##### INPUT FOR THIS TASK #####

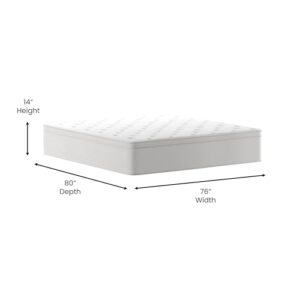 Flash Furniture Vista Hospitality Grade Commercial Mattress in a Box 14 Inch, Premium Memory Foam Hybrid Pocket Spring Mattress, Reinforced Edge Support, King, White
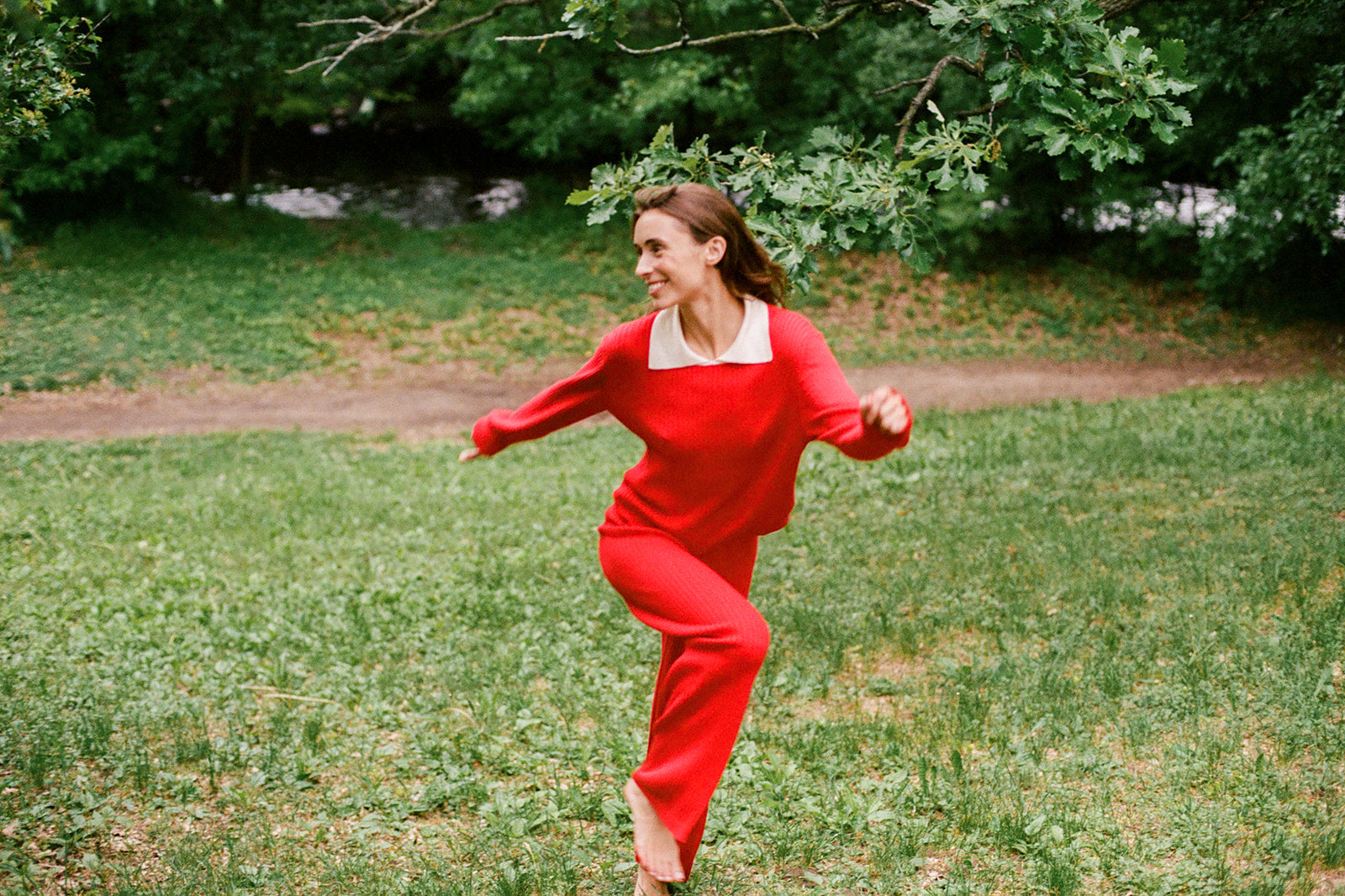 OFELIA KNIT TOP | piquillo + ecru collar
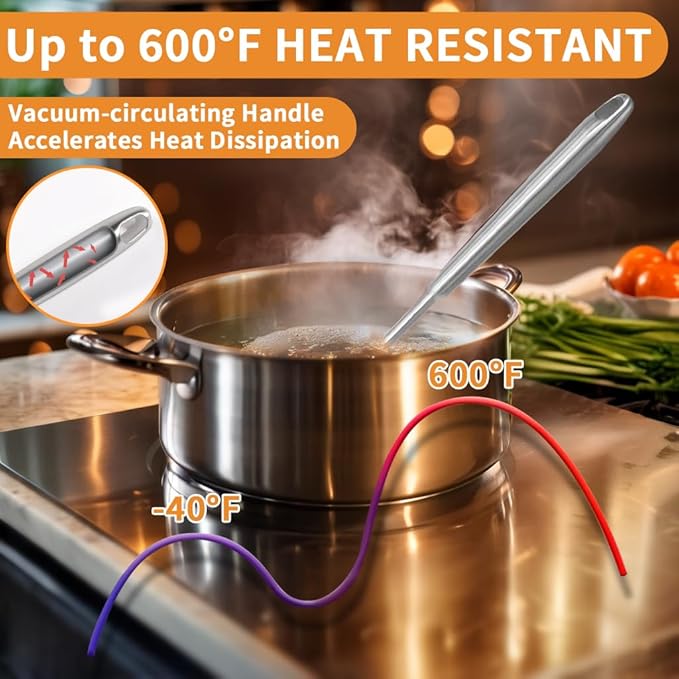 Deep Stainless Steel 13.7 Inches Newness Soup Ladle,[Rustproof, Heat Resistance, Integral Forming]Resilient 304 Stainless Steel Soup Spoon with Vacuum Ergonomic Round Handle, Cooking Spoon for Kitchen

#####
##### INPUT FOR THIS TASK #####

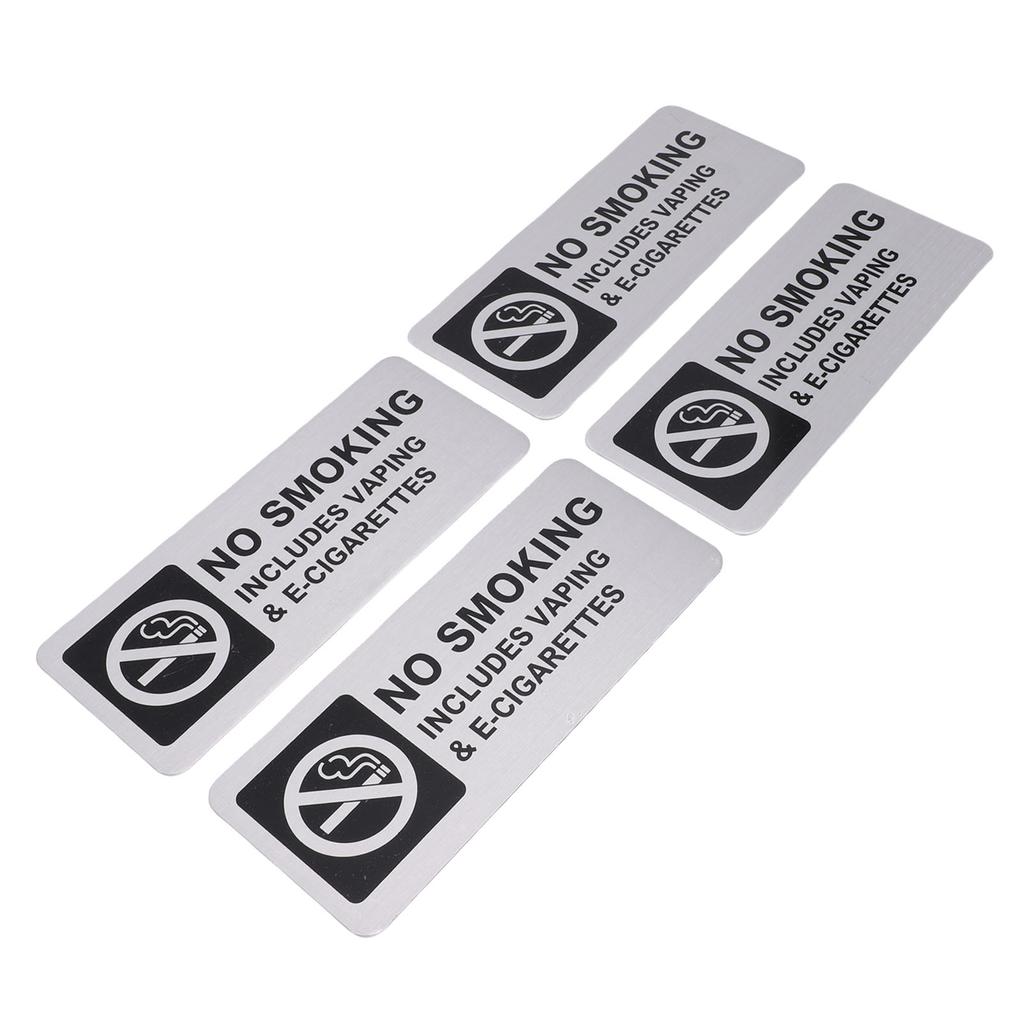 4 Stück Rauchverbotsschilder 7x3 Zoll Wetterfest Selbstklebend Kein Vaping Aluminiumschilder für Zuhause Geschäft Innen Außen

#####

Up in the listing, locate the line with "Flash Furniture Vista"; print it and every line after it down to the line with "OFELIA KNIT TOP | piquillo + ecru collar", which is included too. Skip the pictures.

--- ANSWER SPACE ---
 Flash Furniture Vista Hospitality Grade Commercial Mattress in a Box 14 Inch, Premium Memory Foam Hybrid Pocket Spring Mattress, Reinforced Edge Support, King, White
 OFELIA KNIT TOP | piquillo + ecru collar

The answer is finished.